2. **Contextually Relevant**: Fills missing values with data likely to be similar, based on subsequent observations.
3. **No Data Loss**: Retains all rows/columns, unlike dropping missing values.

**Disadvantages**:
1. **Assumes Continuity**: Inaccurate if data changes rapidly or missing values span large gaps.
2. **Propagates Errors**: If the next valid value is incorrect, it carries backward the error.
3. **Not Universal**: Unsuitable for non-sequential or categorical data where subsequent values aren’t relevant.

**When to Use**:
- **Suitable**: For ordered, sequential data (e.g., time series) where values are expected to remain stable or change gradually, and future values are a reasonable proxy.
- **Avoid**: In datasets with no temporal/sequential relationship or where missingness indicates a distinct state (e.g., survey non-responses).

**Real-World Scenario**:
- **Scenario**: A weather monitoring system records hourly temperature, but some hours have missing data due to sensor failures.
- **Why Use Backward Fill**: Use the next recorded temperature to fill missing hours, assuming the temperature remains relatively stable until the next valid reading.

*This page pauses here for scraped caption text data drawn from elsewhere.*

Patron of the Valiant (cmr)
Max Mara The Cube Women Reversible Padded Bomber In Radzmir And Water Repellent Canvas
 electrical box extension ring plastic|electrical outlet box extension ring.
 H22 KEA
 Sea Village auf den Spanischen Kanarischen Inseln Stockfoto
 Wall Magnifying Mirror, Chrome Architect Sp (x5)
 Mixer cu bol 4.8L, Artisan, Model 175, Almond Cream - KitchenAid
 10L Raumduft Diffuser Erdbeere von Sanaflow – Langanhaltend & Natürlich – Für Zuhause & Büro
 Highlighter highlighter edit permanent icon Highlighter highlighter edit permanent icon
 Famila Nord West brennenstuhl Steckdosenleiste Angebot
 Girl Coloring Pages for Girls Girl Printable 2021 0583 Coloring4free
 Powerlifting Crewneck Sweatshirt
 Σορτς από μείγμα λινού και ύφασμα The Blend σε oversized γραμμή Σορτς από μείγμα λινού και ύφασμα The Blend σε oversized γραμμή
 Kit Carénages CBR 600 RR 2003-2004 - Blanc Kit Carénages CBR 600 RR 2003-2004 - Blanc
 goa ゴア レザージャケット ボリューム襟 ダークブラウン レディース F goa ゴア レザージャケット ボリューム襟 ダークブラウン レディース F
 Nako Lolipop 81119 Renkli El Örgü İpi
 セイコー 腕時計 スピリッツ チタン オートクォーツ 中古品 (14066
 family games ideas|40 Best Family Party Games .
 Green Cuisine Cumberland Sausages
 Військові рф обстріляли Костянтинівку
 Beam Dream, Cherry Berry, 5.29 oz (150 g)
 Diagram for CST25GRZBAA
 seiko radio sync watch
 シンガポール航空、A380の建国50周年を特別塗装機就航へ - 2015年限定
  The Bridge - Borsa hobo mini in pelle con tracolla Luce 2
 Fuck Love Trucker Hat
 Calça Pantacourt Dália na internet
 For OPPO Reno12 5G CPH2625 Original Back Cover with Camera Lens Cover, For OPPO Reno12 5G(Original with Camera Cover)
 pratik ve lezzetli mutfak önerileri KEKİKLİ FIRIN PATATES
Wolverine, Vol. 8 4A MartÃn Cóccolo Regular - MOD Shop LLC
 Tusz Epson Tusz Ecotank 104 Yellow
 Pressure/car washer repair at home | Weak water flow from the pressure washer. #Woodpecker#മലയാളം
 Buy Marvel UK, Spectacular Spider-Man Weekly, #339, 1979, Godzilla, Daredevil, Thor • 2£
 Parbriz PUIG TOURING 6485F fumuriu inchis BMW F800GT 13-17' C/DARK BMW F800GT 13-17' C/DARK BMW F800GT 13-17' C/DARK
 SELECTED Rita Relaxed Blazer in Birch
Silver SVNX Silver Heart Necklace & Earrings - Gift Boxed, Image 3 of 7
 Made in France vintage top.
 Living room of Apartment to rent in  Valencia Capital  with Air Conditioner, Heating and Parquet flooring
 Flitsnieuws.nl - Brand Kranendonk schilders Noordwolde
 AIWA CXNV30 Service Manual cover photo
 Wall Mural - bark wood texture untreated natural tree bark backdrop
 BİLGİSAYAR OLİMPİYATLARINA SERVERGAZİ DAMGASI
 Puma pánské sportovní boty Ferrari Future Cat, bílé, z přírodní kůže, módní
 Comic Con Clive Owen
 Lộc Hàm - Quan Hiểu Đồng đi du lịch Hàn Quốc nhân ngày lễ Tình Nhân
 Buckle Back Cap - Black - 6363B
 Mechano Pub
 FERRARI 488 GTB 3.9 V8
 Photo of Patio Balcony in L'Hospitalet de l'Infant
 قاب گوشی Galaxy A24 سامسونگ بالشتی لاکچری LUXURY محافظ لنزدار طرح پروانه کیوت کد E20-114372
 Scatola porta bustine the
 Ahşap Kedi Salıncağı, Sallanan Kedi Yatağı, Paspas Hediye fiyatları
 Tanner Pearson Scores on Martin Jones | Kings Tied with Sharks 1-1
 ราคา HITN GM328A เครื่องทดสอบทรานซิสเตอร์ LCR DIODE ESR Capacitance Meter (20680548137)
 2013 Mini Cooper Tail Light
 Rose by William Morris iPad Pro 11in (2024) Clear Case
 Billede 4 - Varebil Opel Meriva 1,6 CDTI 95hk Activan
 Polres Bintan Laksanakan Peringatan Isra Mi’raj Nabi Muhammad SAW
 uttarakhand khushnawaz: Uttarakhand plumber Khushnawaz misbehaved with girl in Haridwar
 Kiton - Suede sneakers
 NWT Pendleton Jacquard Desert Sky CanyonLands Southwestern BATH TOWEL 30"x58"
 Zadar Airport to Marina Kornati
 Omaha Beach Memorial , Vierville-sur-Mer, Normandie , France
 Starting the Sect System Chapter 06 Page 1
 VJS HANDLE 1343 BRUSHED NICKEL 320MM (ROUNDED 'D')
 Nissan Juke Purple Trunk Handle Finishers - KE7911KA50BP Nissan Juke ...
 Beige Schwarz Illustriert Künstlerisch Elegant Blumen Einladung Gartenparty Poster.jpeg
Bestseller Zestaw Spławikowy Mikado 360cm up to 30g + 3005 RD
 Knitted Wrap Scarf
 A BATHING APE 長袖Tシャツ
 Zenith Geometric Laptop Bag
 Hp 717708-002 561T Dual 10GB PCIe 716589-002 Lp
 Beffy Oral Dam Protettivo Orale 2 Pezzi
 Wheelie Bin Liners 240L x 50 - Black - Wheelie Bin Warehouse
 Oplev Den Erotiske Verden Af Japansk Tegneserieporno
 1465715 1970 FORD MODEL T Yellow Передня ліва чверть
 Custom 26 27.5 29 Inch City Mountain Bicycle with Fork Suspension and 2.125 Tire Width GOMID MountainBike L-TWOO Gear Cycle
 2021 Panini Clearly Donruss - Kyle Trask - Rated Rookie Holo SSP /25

- **Context**: This is reasonable for short gaps in weather data, as temperatures typically change gradually over hours.

In [None]:
# Challenge 9: Government Project Dataset
# Back to our government dataset. We now fill backward the missing values
# and try to understand the changes that took place
#
OUR CODE GOES HERE

**Challenge 9: ** Together with your peer discuss the cases where you might use the above fill backward technique.

### d) We can drop/delete missing values

The other way to work with missing data is to drop/delete the records with the missing data. This is a judgement that you have to make based on your research. Sometimes keeping the entire dataset together with the missing values, can leave you with a useless dataset. On the other hand, the missing data many not be random and dropping those missing values would leave you with a biased dataset or deleting the missing dataset might leave you with insufficient data for analysis. All of this we will learn more indepth during the course of the program.

For now lets see how we can drop missing values from a dataset.

In [None]:
# Example 10
# Let's find out the size of our dataset
df.shape

(1310, 14)

In [None]:
# If we were to keep our complete rows; meaning we drop any record with a missing value, then
df_dropped = df.dropna()

# We would have
df_dropped.shape

# We are left with no rows of data


(0, 14)

In [None]:
# Printing out df_dropped
print(df_dropped)

Empty DataFrame
Columns: [pclass, survived, name, sex, age, sibsp, parch, ticket, fare, cabin, embarked, boat, body, home.dest]
Index: []


In [None]:
# Challenge 10: Financial Allocation Dataset
# Let's now drop the records that have missing values
# url = http://bit.ly/MSFinancialDataset
#
OUR CODE GOES HERE

Challenge 10: Together with your peer discuss the cases where you might use the above drop/delete technique.